[Start of Attachment]

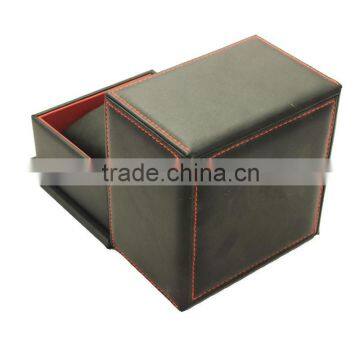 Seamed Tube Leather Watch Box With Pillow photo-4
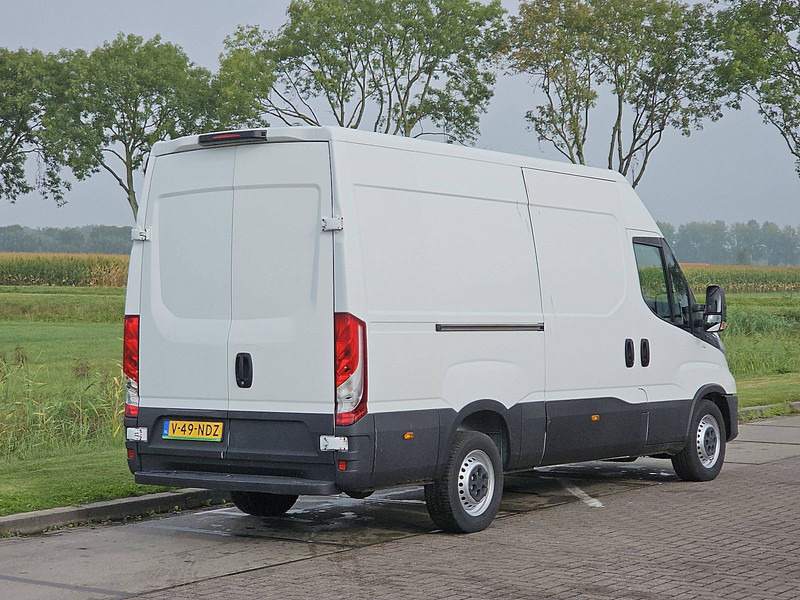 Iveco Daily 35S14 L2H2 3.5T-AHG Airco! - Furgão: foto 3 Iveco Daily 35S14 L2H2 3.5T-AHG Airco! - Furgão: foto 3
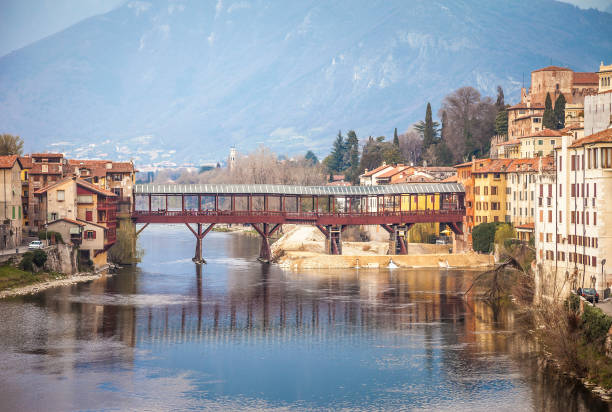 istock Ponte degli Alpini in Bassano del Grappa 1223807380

[End of Attachment]

Task to carry out
Reproduce the data above verbatim, minus any images.

Response
 Seamed Tube Leather Watch Box With Pillow photo-4
 Iveco Daily 35S14 L2H2 3.5T-AHG Airco! - Furgão: foto 3 Iveco Daily 35S14 L2H2 3.5T-AHG Airco! - Furgão: foto 3
 istock Ponte degli Alpini in Bassano del Grappa 1223807380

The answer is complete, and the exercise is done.